Ruth adds a few desultory notes about soil erosion and is just about to make herself a compensatory sandwich (compensating for what?) when the phone rings. She snatches it up like a lifeline.
‘Ruth! How are you?’
THE CROSSING PLACES
It is Peter.
After they split up Peter made a concerted attempt to stay in touch. He was living and working in London but he used to phone a lot, and once or twice came up to see her.
On these occasions they invariably ended up in bed together and this felt so right that Ruth came to the conclusion that it must be wrong. If we’re apart, we must stay apart, she had said, it’s no good carrying on like this. Apart from anything else, it’ll stop either of us finding someone new. Peter had been terribly hurt. But I want to be with you, he had said. Don’t you see, if we can’t stay away from each other, it must mean that we were meant to be together? But Ruth had been adamant and eventually Peter had stormed back to London in a fury, swearing undying love all the way. Six months later he had married someone else.
That had been five years ago. Ruth had heard very little from Peter in that time, a Christmas card, once a copy of an article he had written. She knew that he and his wife, Victoria, had had a baby, a boy called Daniel.
He must be about four now. After Daniel’s birth (she sent a teddy), Ruth had heard nothing until the text message on New Year’s Eve. Happy New Year love Peter. Nothing more, but just for a second Ruth had felt her heart contract.
‘Peter. Hallo.’
‘Bit of blast from the past, eh?’
‘You could say that, yes.’
A brief silence. Ruth tries to imagine Peter at the other end of the phone. Is he calling from work? From home?
She imagines Victoria, whom she has never met, sitting by his side with Daniel on her lap. ‘What’s Daddy doing?’
‘Shh darling, he’s ringing his ex-girlfriend.’
‘So.’ Very hearty. ‘How’ve you been, Ruth?’
‘I’ve been fine. How about you?’
‘Fine. Working hard.’
Peter teaches history at University College, London, where Ruth did her first degree. She imagines him there: the view of dusty plane trees, of bicycles chained against railings, of London buses, and tourists wandering lost around Gordon Square.
‘Still at UCL?’
‘Yes. What about you?’
‘Still at North Norfolk. Still digging up bones and fighting with Phil.’
Peter laughs. ‘I remember Phil. Is he still keen on his geophys gadgets?’
‘I think he’s shortly going to mutate into a machine.’

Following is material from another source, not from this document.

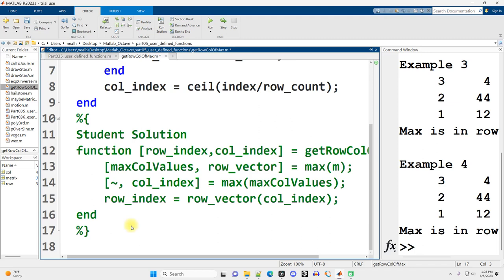Writing code is a more creative endeavor than at least your high school mathematics, I would say. Not necessarily college or graduate mathematics, which can be very creative, but certainly your algebra classes and even up through calculus, it can be a little bit samey. Basically, everybody's turning in the same results on their homeworks and such.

Peter laughs again but this time the laugh ends rather abruptly. ‘Look Ruth. The thing is, I’ve got a sabbatical next term—’

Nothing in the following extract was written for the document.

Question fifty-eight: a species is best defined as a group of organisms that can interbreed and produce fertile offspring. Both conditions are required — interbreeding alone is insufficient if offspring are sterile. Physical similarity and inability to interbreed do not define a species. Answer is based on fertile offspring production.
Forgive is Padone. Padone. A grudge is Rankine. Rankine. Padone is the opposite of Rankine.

‘You too?’ The words are out before she can stop them.
‘What do you mean?’
‘Oh, it’s just - Erik’s got a sabbatical too. He’s coming over next week.’

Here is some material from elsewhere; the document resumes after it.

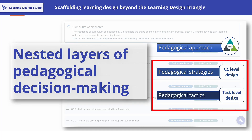There are three nested layers of pedagogical decision-making in the design of a course unit or module. At the top level is the selection and implementation of a pedagogical approach, which can be scaffolded in its implementation through the learning design triangle. In this video, we will examine two further layers of pedagogical decision-making in learning design, namely pedagogical strategy and pedagogical tactics.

‘Erik! The old Viking himself! So you’re still in touch?’
‘Yes.’ Slightly defensively.
‘Well, the thing is … I’m writing a book on Nelson.’
‘Who}’
A confused pause. ‘Horatio Nelson. Admiral Nelson.
You remember, I did my postgraduate research on the Napoleonic Wars.’
‘Oh … yes.’ The other Nelson in her life has temporarily caused her to forget the most famous Nelson of all. Of course, he was from Norfolk too, there are hundreds of pubs named after him.
‘Well, I’m planning to visit Burnham Thorpe. You know, where he was born. I’m renting a cottage nearby and I thought I could pop over and see you.’
Several things cross Ruth’s mind. You must have been to Burnham Thorpe before, without ‘popping over’ to see me, why is this different? Will your wife be there? Is this only about research? Why ring me after all this time?
Aloud she says, ‘That would be great.’
‘Good.’ Peter sounds relieved. ‘And I’d like to see the Saltmarsh again. God, I remember that summer. Finding the henge in the mud, those hippies who kept putting spells on us, old Erik telling ghost stories around the campfire.